Marga Minco (Dutch pronunciation: [ˈmɑrɣaː ˈmɪŋkoː]; born Sara Menco; 31 March 1920 – 10 July 2023), for some time known as Marga Faes, was a Dutch journalist and writer, and a Holocaust survivor. She married Dutch poet Bert Voeten.

Marga Minco was born Sara Menco in Ginneken on 31 March 1920 to an Orthodox Jewish family. Her father was Salomon (1887–1943), and was parnas (warden) in the local Jewish community; he may have worked as a salesman. Her mother was Grietje Minco-van Hoorn (1889–1943). She had a brother, David, and a sister, Bettie. The family moved to Breda, a predominantly Catholic town near her birthplace, when Sara was a young girl, and she went to the local public school.

Minco began work as a trainee journalist at the Bredasche Courant [nl] in 1938, first writing about films, and then eventually becoming a member of the editorial staff. Following the German invasion of the Netherlands in May 1940, and even before proclamation by the occupying forces of anti-Jewish measures, she was fired by order of the newspaper's German-sympathizing board.[citation needed]

In the early part of World War II Minco lived in Breda, Amersfoort, and Amsterdam. She contracted a mild form of tuberculosis and ended up being treated in hospitals in Utrecht and Amersfoort. In the autumn of 1942 she returned to Amsterdam and her parents, who were forced by the German occupiers to move into the city's Jewish Quarter.

Later in the war, Minco's parents, her brother, and her sister were all deported, and she was the only who managed to escape by running out of the back door. Having escaped arrest herself she spent the rest of the war in hiding, after bleaching her hair and obtaining a fake ID card. She was the family's only survivor. She also received a new name, Marga Faes, the first part of which she continued to use.

Minco met poet, journalist and translator Bert Voeten [nl] (1918–1992), in 1938 while working at the Bredasche Courant. Voeten was not Jewish and her parents were not pleased with the match while they were alive.
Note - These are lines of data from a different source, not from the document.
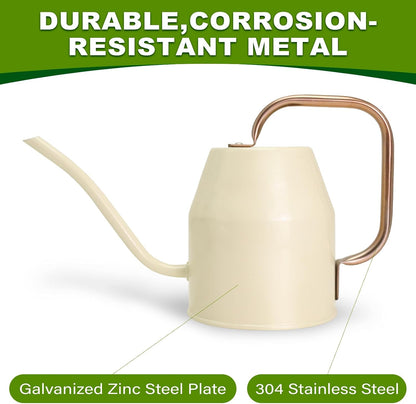 Metal Watering Can with Removable Spout, Galvanized, Perfect for Indoor and Outdoor Use (1 Gallon, Yellow)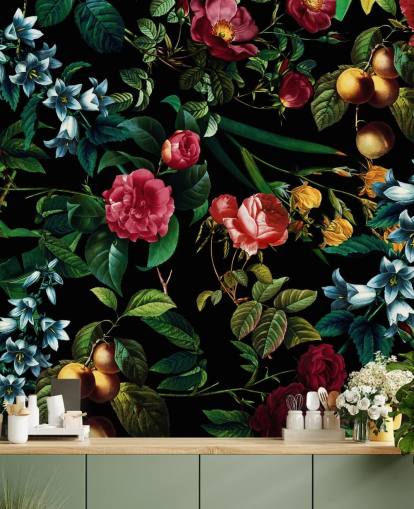 mörk blommig tapet med gröna blad mörk blommig tapet med gröna blad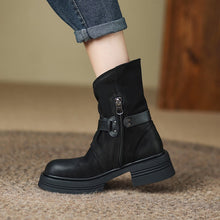 Damenstiefeletten im Retro-Vintage-Stil - Elske – Schwarz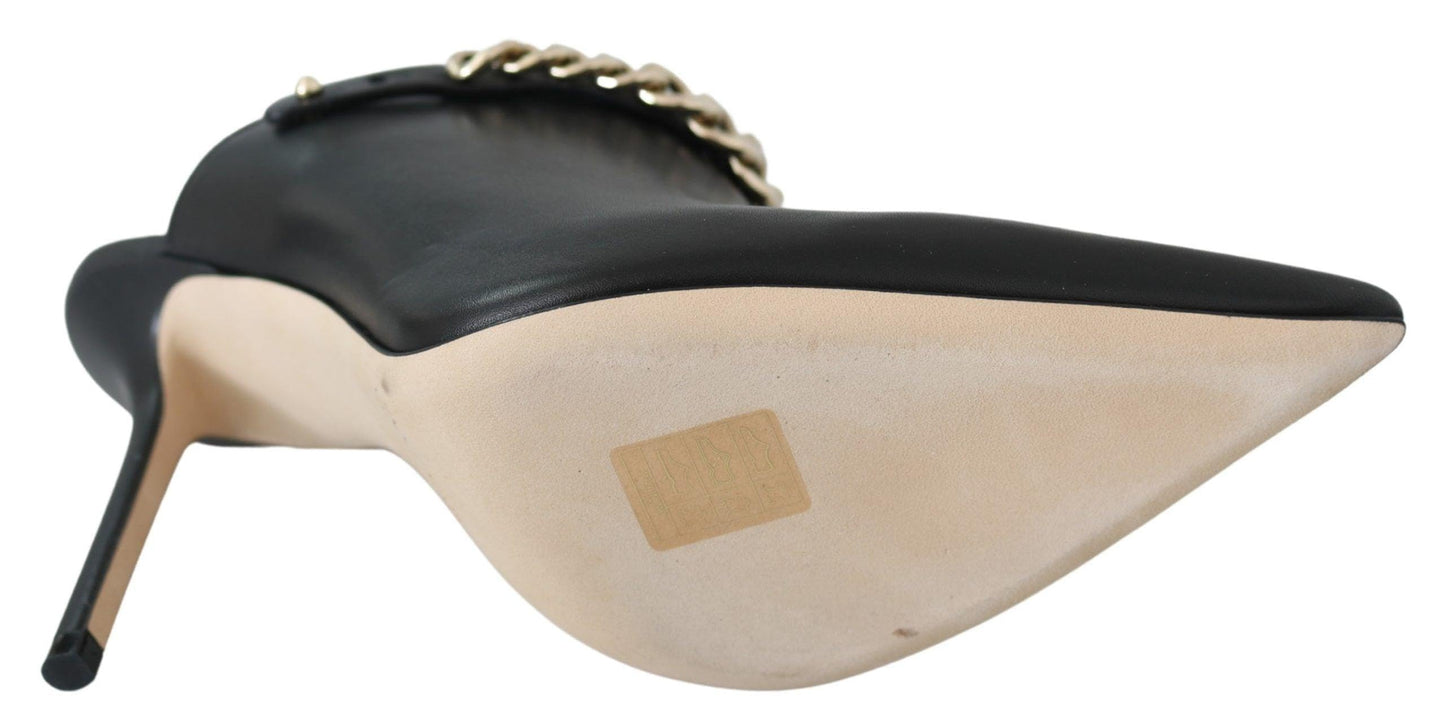 JIMMY CHOO Black Calf Leather Lexx Pumps Shoes, Black, 6 UK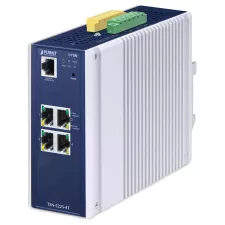 obrázek produktu Planet TSN-5225-4T průmyslový L2+ Managed TSN switch, 4x1Gb, 1x RJ45-to-RS232, dual 9-48VDC, -40~75°C, IP30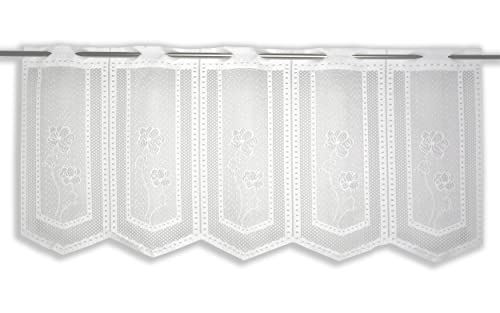 Clever-Kauf-24 Nach Maß Scheibengardine Jacquard weiß Bistrogardine Blume (Höhe 40cm) von Clever-Kauf-24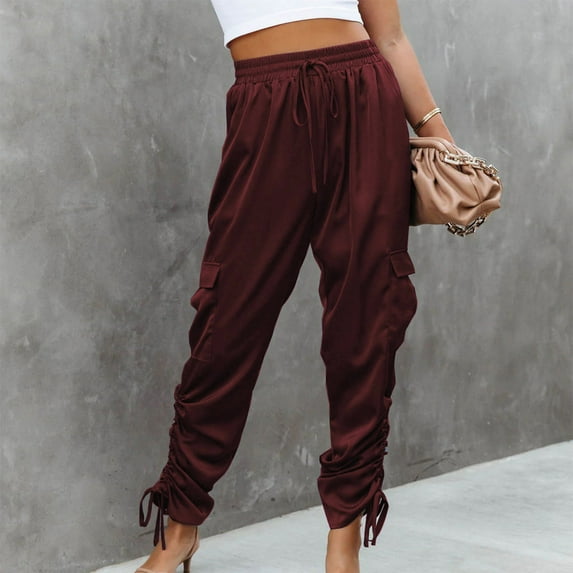 HUPOM Goth Pants Pants Trousers High Waist Rise Full Straight-Leg S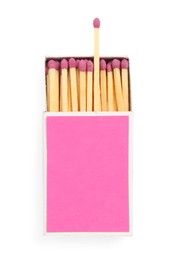 Photo of Matches in box isolated on white, top view. Mockup for design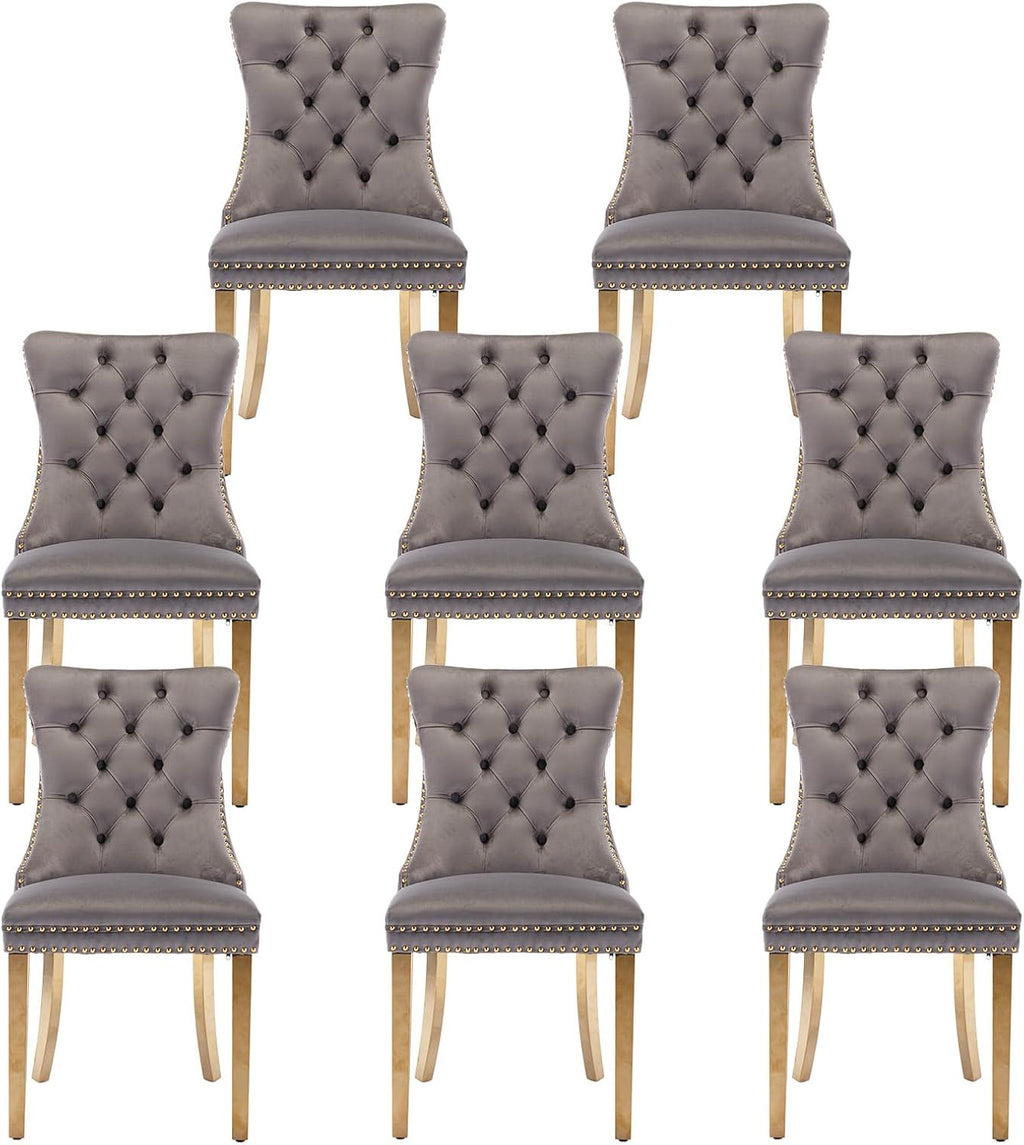 Velvet Upholstered Dining Chairs Set of 8, Modern Style Kitchen Side Chairs with Nailhead Trim and Gold Plated Leg, Metal Pulling Ring for Dining Room Living Room(Grey)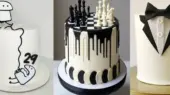 آشپزی / بهترین مدل‌ های کیک تولد مردانه لاکچری سفید و مشکی اینستاگرامی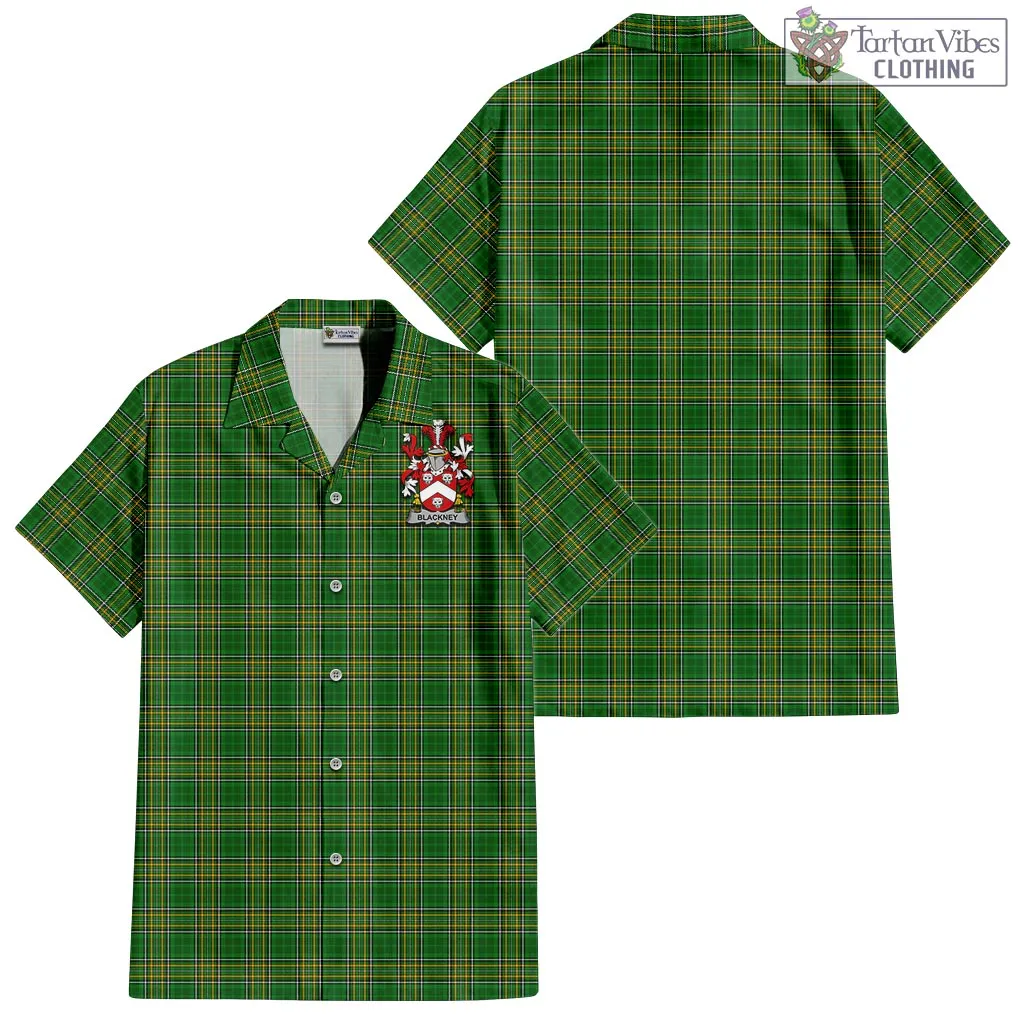 Blackney Irish Clan Tartan Short Sleeve Button Up with Coat of Arms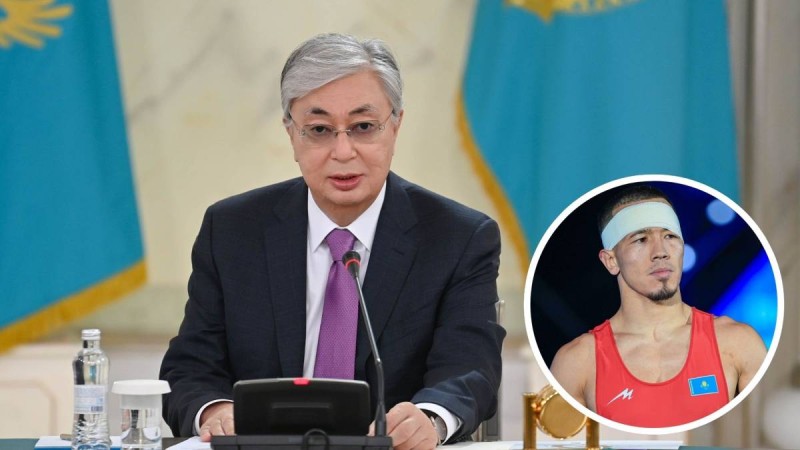 "ХХІ ғасырдағы тұңғыш чемпион": Тоқаев қазақ балуанын жеңісімен құттықтады
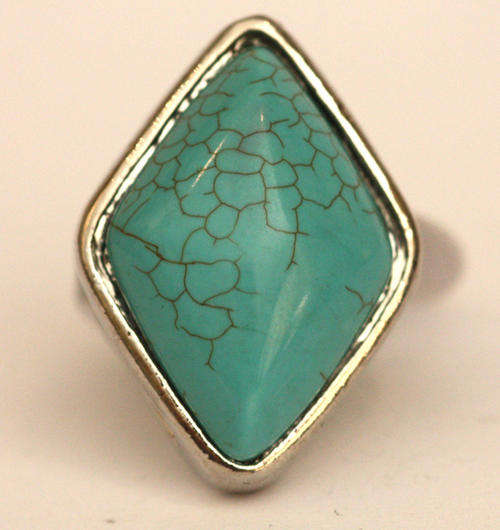 Funky Fashion Turquoise Dress Ring- Size 5.25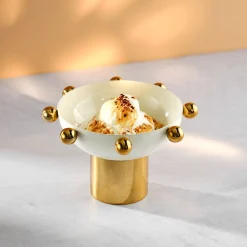 Serving Bowls|Godinger Temari White & Gold Footed Nut Bowl
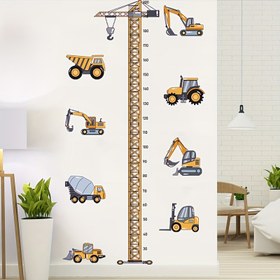 Resim 12 Adet İnşaat Araçları Yükseklik Tablosu Duvar Çıkartmaları - Çocuk Odası, Oturma Odası, Oyun Odası için Kendinden Yapışkanlı Ölçü Bandı Stickerları - Klasik Tarz, Dayanıklı PVC Malzeme, Canlı Renkler 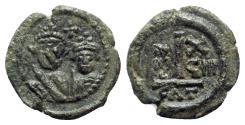 Ancient Coins - Heraclius (610-641). Æ 10 Nummi - Catania, year 19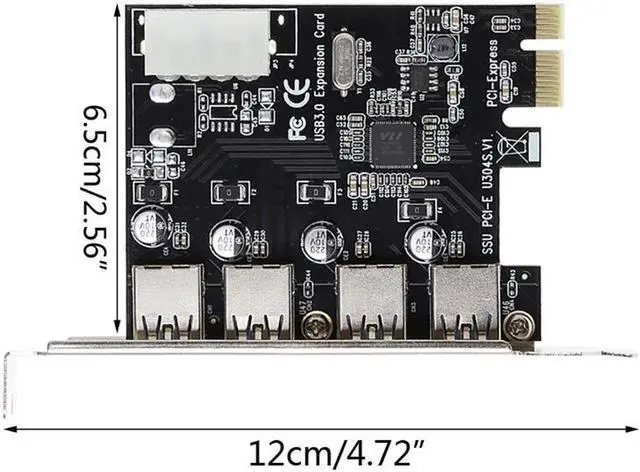 Alt view image 5 of 6 - Aomoproing Aneew 4 Port USB 3.0 to PCI-E PCIe Expansion Card PCI Express 1x Adapter Card USB3.0 Hub Controller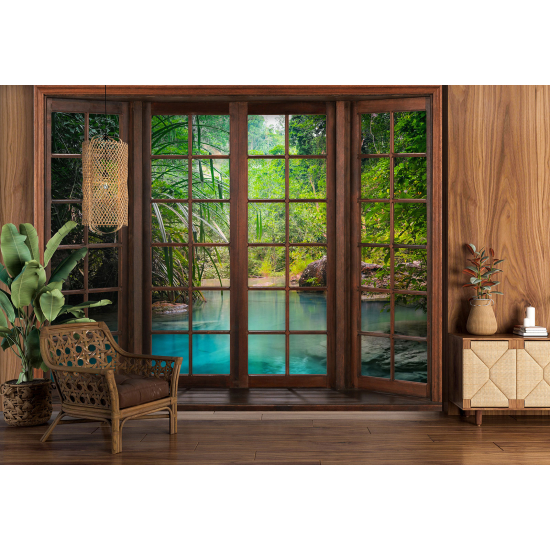 Optical Illusion Panoramic Wood Window Wall Mural / Wallpaper - Paradise River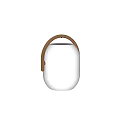 Outdoor Portable Light With White Round Body And Wooden Handle Design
Voeten was forced to leave Breda in early 1940, along with thousands of other evacuees, fleeing across the border into Belgium. For three years, Voeten believed that Minco had been killed, until she managed to phone him in 1943.

Towards the end of the war, while Minco was in hiding under a false identity, and moved into an empty house in Amsterdam along with a group of artists and students, Voeten moved into the house. This house was portrayed in her novel Een leeg huis (The Empty House). In 1944 the couple had a daughter named Bettie after Minco's sister, who had died in the Holocaust.